Cette fois, c'est officiel : Paris tient enfin ses Jeux. Après un siècle d'attente et de cuisants échecs, la capitale française s'est vue attribuer l'organisation des JO 2024, mercredi au Pérou, au terme d'une campagne acharnée. Mais les sept années qui la séparent de son rêve olympique s'annoncent tout aussi importantes. Budget, infrastructures, "détection" : les défis à relever sont nombreux, et parfois périlleux.
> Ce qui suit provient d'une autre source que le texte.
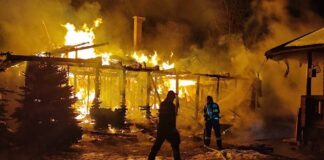 Incendiu cabană Vârciorog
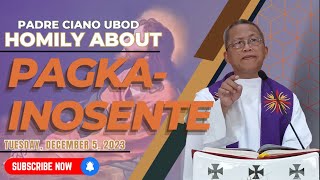 Fr Ciano Homily about PAGKAINOSENTE  1252023 [upl. by Ade411]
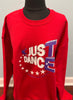 TE Just Dance Sweatshirt Red with Purple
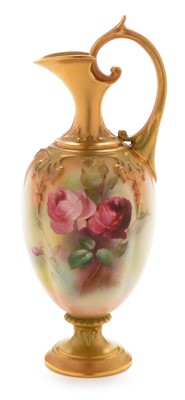 Lot 567 - Worcester Hadley Ware jug.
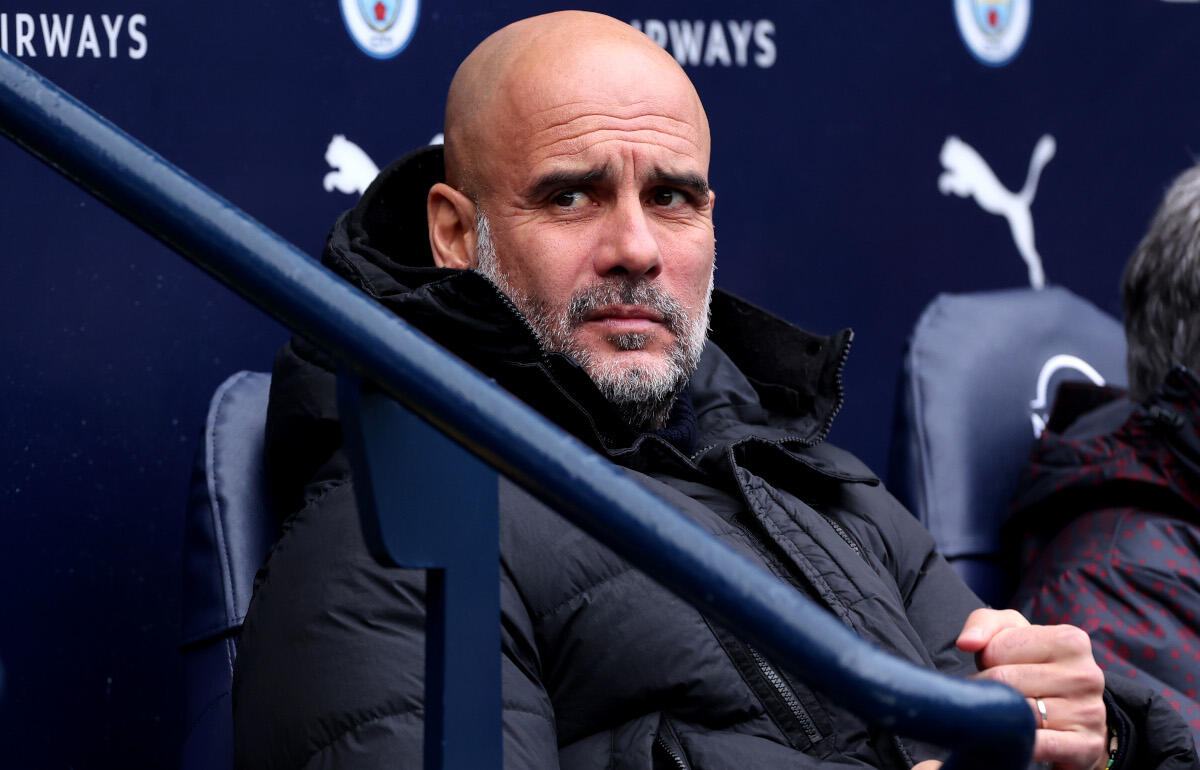 コペンハーゲン戦へと向かうグアルディオラ監督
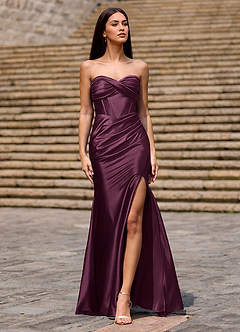 Prism Ankara Red Corset Prom Dress image3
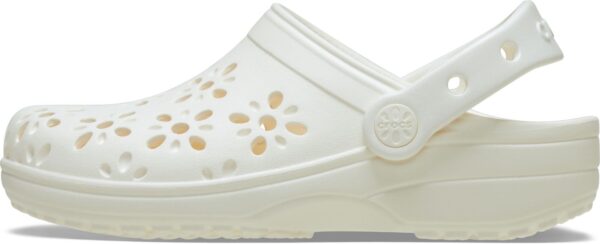 Crocs™ CLASSIC FLORAL CUT OUT CLOG KID'S Chalk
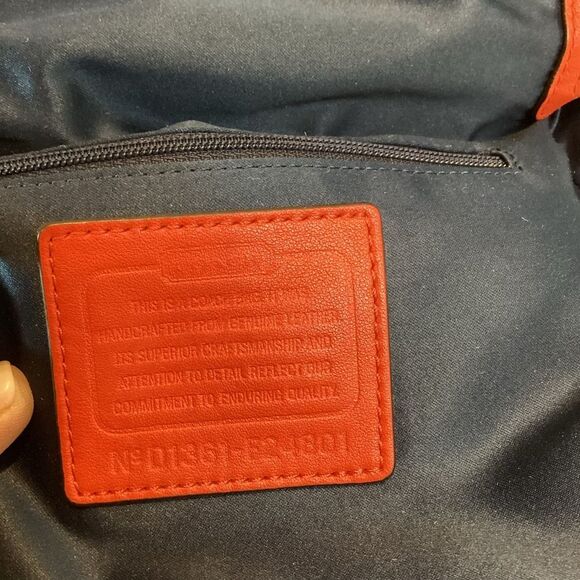 Coach Park Color Block Crossbody Leather Shoulder Bag - Picture 15 of 16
1. Constituer le comité d'organisation
Dissous le 30 septembre, le comité de candidature devra avoir accouché dans cinq mois d'un comité d'organisation des Jeux (Cojo). Son architecture a déjà été annoncée en mai, au moment de la visite de la commission d’évaluation du CIO. Des changements de dernière minute ne sont cependant pas à exclure. Quelques tensions entre Étienne Thobois, ancien numéro 1 français de badminton et directeur général de Paris 2024, et la maire de Paris Anne Hidalgo, auraient récemment surgi.
"Je souhaite que l'on se projette dans la continuité", a assuré cette semaine Tony Estanguet, le vrai patron de ces Jeux. "Je continue à être impliqué en tant que président du Comité d'organisation et Étienne Thobois en sera le directeur général. On va continuer ensemble l'aventure", a promis le triple champion olympique de canoë, qui devra avoir les épaules solides dans les mois à venir pour échapper aux luttes de pouvoir entre le mouvement sportif, la Ville de Paris, la Région Île-de-France et l'État.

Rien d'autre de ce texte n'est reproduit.